**TASK REQUIREMENTS**
An exact reproduction of the records is required. Images must be left out.

Collected data:
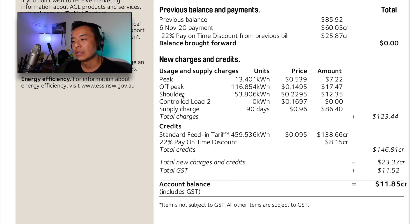Shoulder is pretty much every other time in between peak and off-peak — generally after dinner and between breakfast and around 2 p.m. when everyone's starting to come home from school and work. That's priced at 22.95 cents per kilowatt hour; we used 53.806 kilowatt hours, totalling $12.35. The controlled load is generally used for hot water, but I've put my hot water heat pump system onto the main meter. It runs during daylight hours and is usually covered by solar energy, so essentially hot water is free.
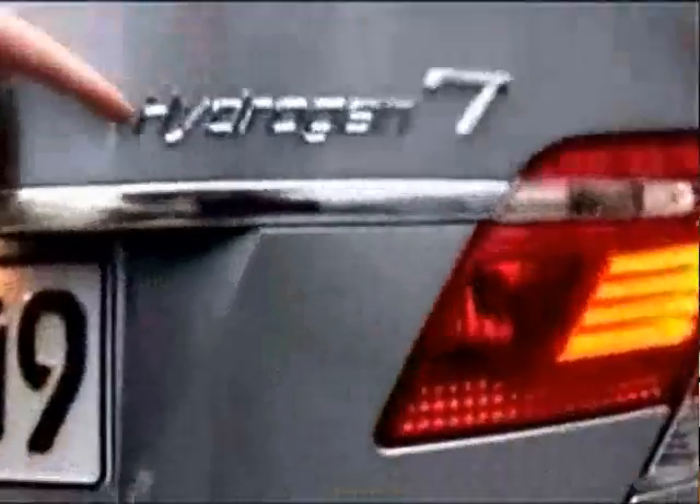The BMW Hydrogen 7 series. The most important thing about the BMW Hydrogen 7 is that it's burning hydrogen to nothing else than vapour and all.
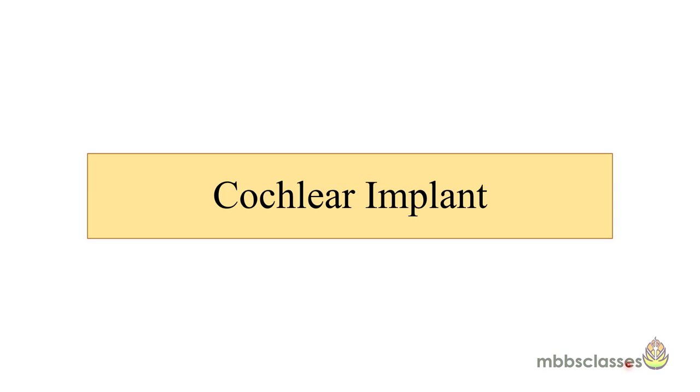Hello everyone, welcome to MBBS classes. Myself Dr. Hanifa. Today in this video I will be talking on cochlear implant.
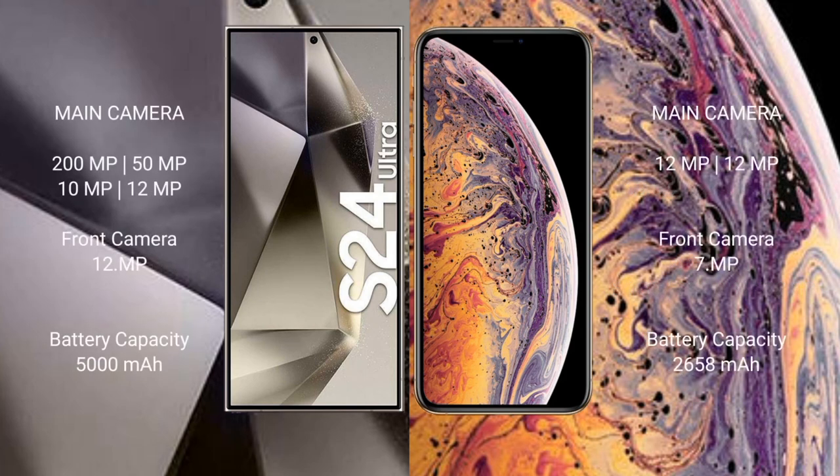The Samsung Galaxy S24 Ultra features a quad-camera setup of 200MP + 50MP + 10MP + 12MP with a 12MP front camera. The iPhone XS features a dual-camera setup of 12MP + 12MP with a 7MP front camera. The S24 Ultra has a 5000mAh battery with 45W fast charging, while the iPhone XS has a 2658mAh battery with 15W fast charging support.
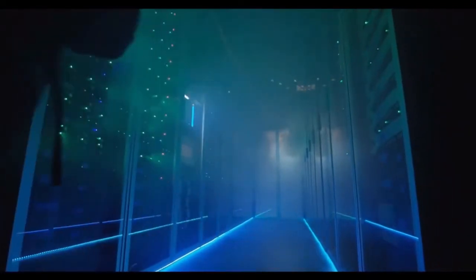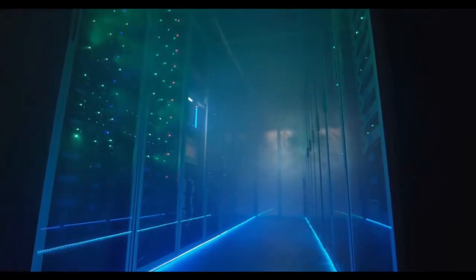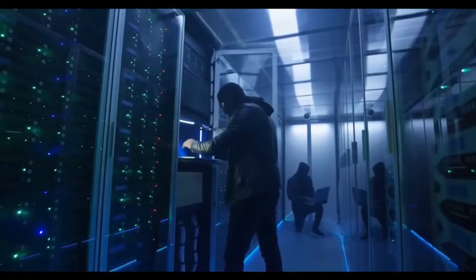Do you ever worry your business will be targeted by a distributed denial-of-service DDoS attack? Are you unsure how to prevent one? If so, then read on.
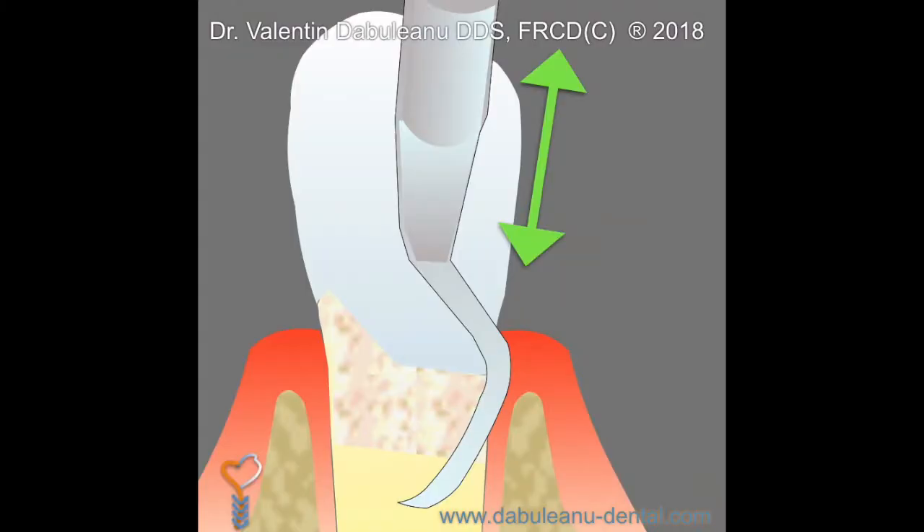Scaling and root planing is also known as supportive periodontal therapy and non-surgical periodontal treatment. It is the least invasive and most cost-effective manner in which we can maintain healthy gums and teeth. This treatment involves careful cleaning of the root surfaces to remove plaque and calculus, also known as tartar, from within the pockets.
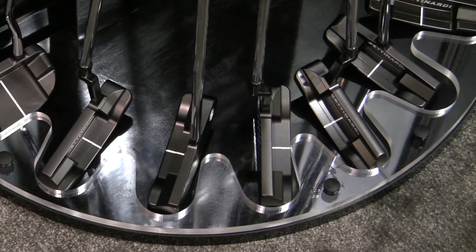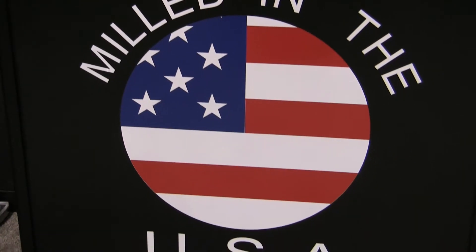What is it about Betonardi that made you think, yeah, this is going to fit with me? I've been using the putter for a couple of years and Bob's always been very accommodating. As you know, all the custom work he does — Bob's able to work with me and get the look and the feel that I want.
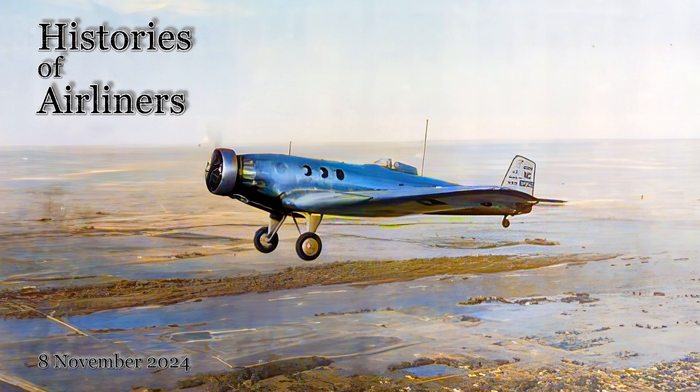Hello aviation enthusiasts and welcome back to Histories of Airliners. In the early days of aviation, the sky was dominated by biplanes with their exposed struts and wires. But in the 1930s, a revolutionary aircraft emerged, challenging the status quo: the Boeing Model 200 Monomail.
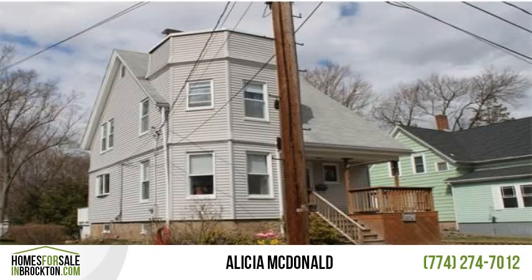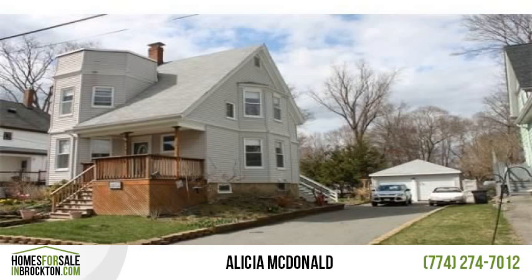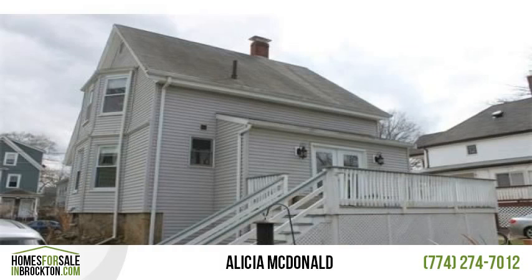Well-maintained Colonial located on Brockton's West Side. Features include hardwood floors throughout the first floor, large kitchen with honey oak cabinets, granite counters, five-burner gas stove with warming drawer, pantry and buffet area, dining room, living room with crown molding, full updated bathroom, and nice size bedrooms.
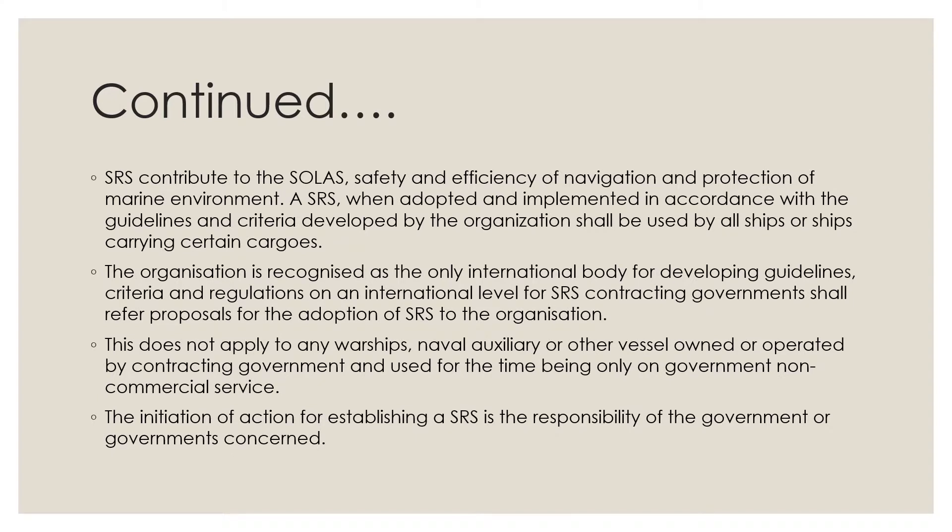SRS contribute to the safety and efficiency of navigation and protection of the marine environment. A SRS, when adopted and implemented in accordance with the guidelines and criteria developed by the organization — the International Maritime Organization — shall be used by all ships or ships carrying certain cargoes. The IMO is recognized as the only international body for developing guidelines.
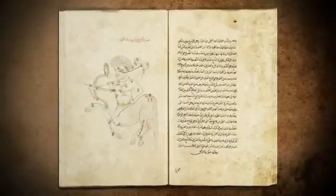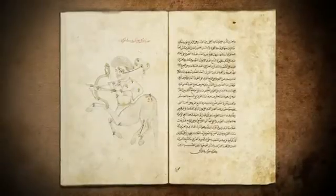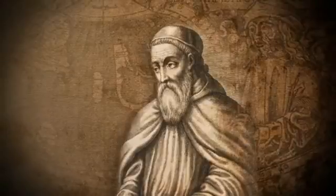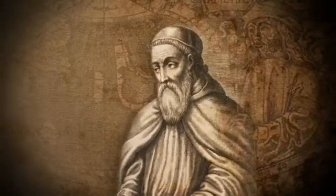However, the Persian astronomer Abd al-Rahman al-Sufi and the Italian explorer Amerigo Vespucci recorded the bright galaxy in 964 and 1503 respectively.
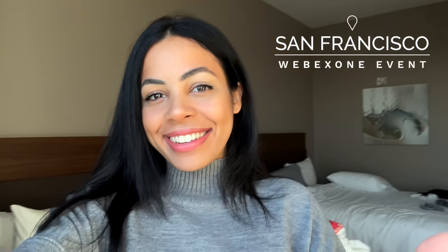Hey guys, how's it going? It's Crystal, and today I am here in San Francisco for the WebEx One event. Shout out to WebEx for sponsoring this video and my trip out here. I am so excited to see everything they have in store, so I thought it'd be cool if you guys follow me along so we can check it out together. But first, coffee time — cheers! I also have Gabby with me here today.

**SOLUTION TO THIS TASK**
Shoulder is pretty much every other time in between peak and off-peak — generally after dinner and between breakfast and around 2 p.m. when everyone's starting to come home from school and work. That's priced at 22.95 cents per kilowatt hour; we used 53.806 kilowatt hours, totalling $12.35. The controlled load is generally used for hot water, but I've put my hot water heat pump system onto the main meter. It runs during daylight hours and is usually covered by solar energy, so essentially hot water is free.
The BMW Hydrogen 7 series. The most important thing about the BMW Hydrogen 7 is that it's burning hydrogen to nothing else than vapour and all.
Hello everyone, welcome to MBBS classes. Myself Dr. Hanifa. Today in this video I will be talking on cochlear implant.
The Samsung Galaxy S24 Ultra features a quad-camera setup of 200MP + 50MP + 10MP + 12MP with a 12MP front camera. The iPhone XS features a dual-camera setup of 12MP + 12MP with a 7MP front camera. The S24 Ultra has a 5000mAh battery with 45W fast charging, while the iPhone XS has a 2658mAh battery with 15W fast charging support.
Do you ever worry your business will be targeted by a distributed denial-of-service DDoS attack? Are you unsure how to prevent one? If so, then read on.
Scaling and root planing is also known as supportive periodontal therapy and non-surgical periodontal treatment. It is the least invasive and most cost-effective manner in which we can maintain healthy gums and teeth. This treatment involves careful cleaning of the root surfaces to remove plaque and calculus, also known as tartar, from within the pockets.
What is it about Betonardi that made you think, yeah, this is going to fit with me? I've been using the putter for a couple of years and Bob's always been very accommodating. As you know, all the custom work he does — Bob's able to work with me and get the look and the feel that I want.
Hello aviation enthusiasts and welcome back to Histories of Airliners. In the early days of aviation, the sky was dominated by biplanes with their exposed struts and wires. But in the 1930s, a revolutionary aircraft emerged, challenging the status quo: the Boeing Model 200 Monomail.
Well-maintained Colonial located on Brockton's West Side. Features include hardwood floors throughout the first floor, large kitchen with honey oak cabinets, granite counters, five-burner gas stove with warming drawer, pantry and buffet area, dining room, living room with crown molding, full updated bathroom, and nice size bedrooms.
SRS contribute to the safety and efficiency of navigation and protection of the marine environment. A SRS, when adopted and implemented in accordance with the guidelines and criteria developed by the organization — the International Maritime Organization — shall be used by all ships or ships carrying certain cargoes. The IMO is recognized as the only international body for developing guidelines.
However, the Persian astronomer Abd al-Rahman al-Sufi and the Italian explorer Amerigo Vespucci recorded the bright galaxy in 964 and 1503 respectively.
Hey guys, how's it going? It's Crystal, and today I am here in San Francisco for the WebEx One event. Shout out to WebEx for sponsoring this video and my trip out here. I am so excited to see everything they have in store, so I thought it'd be cool if you guys follow me along so we can check it out together. But first, coffee time — cheers! I also have Gabby with me here today.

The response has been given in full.